Online Dating: Advice From a (Former) Single Female
October 18, 2007 by Women's Voices For Change
As more boomers and seniors turn to online dating sites for friendship and romance, one savvy user describes her experience.
by Mary Ann Smorra
I’ve always enjoyed the first movement of a sonata — inviting, rather lively, easy to understand and appreciate, and certainly easy to identify. Then there’s the second movement: more quiet, a reflection of the first. It’s not the same excitement or pursuit, but there are underlying motifs that give it a special quality. There is more depth.
In my experience, the first movement is an apt metaphor for internet dating, whereas the second reflects the potential development of a match. Progression to the second movement is not easy, particularly for adults who have already spent a great deal of their lives in a sequence of relationships. Internet dating becomes the arena in which casual relationships crop up and die down; lack of commitment, possibly fueled by fear, is commonplace.
As a proponent of "friendship dating," however, internet dating sites simply became a means to meet people with whom I only intended to share an interesting time. The thought of finding my sweetheart was certainly present, but I did not exert expectations on myself or on my dates.

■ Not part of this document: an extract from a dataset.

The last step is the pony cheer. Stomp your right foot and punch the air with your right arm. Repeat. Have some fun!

As a dating medium, I think the internet provides a viable milieu in which to explore one’s own preferences. However, "buyer beware" is an apt warning. The dangerous partners are the ones who have already fallen in love — with internet dating sites. For some people, it’s like being in a candy store and the addiction is very real. You know things are headed in the right direction when your suitor says, "I’ve taken myself off the sites."

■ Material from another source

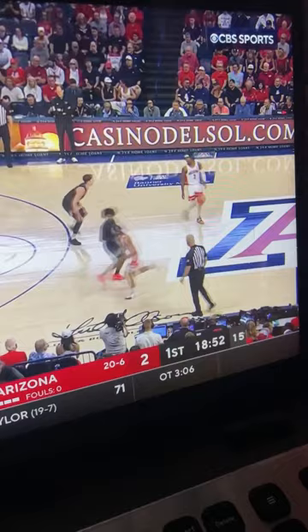So here's Caleb Love, transferring from UNC, playing for Zona this year. He is dangerous with the ball in his hands, he can score on you from all three levels, but he is very quick off the dribble, which is why you see the Washington defender giving a step here.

So, before beginning, decide what you want. Are you truly looking for a partner? Someone you will share yourself with? To be honest, it is a challenge. There are guys who are not up to it; don’t get hooked into a game that has no future.
Decide what you want, how long you’d like to try it, and most importantly, determine your back-up plan. What else is going on in your life that gives you thrills and chills and is simply fun? For me, it was dancing. Who’s in your support group of life? I have wonderful cousins and friends. Invite these true blues to provide feedback on your dating choices.

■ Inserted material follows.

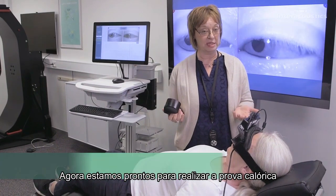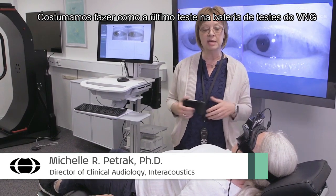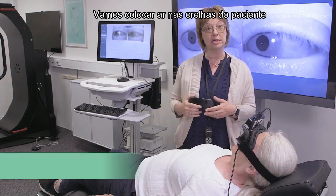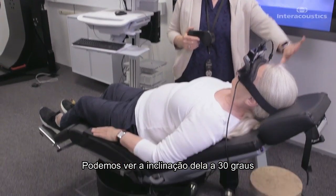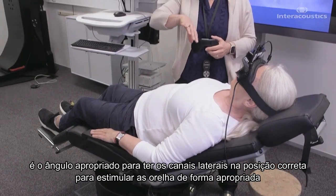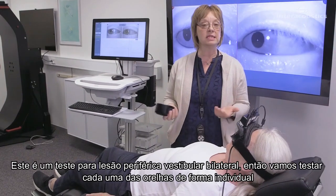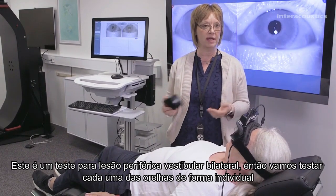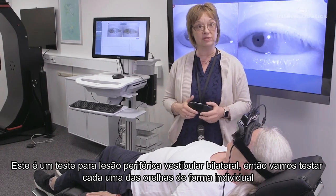Now we're getting ready to perform the caloric test. It's usually the last test that we do in the VNG test battery. I'm going to be blowing some air into my patient's ears. You can see that she's angled at 30 degrees — that's the proper angle to have her lateral canals in the right position to allow us to stimulate the ears properly. This is a test for bilateral peripheral vestibular lesions, and so we're going to be testing each of her ears individually.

Before going on internet sites, I was finding myself on dates with guys who simply appeared, or who were introduced by friends. I do not go to single dances or bars, and most definitely I do not date colleagues. I find all three less than savory endeavors.
But the lure of an internet dating site! I could collect data, make observations of a limited nature, set timelines — all at my computer. Yes, I admit it appealed to my analytical view of the world; I’m the sort of a person who kept an Excel chart to track dates. And why not? It gives me the opportunity to see exactly what I want and where I’m going.
But now it’s time to drop the thinking and get on with the feeling. And that is what I’m doing with my current … well, we’re past the friendship dating phase and we’re a work in progress.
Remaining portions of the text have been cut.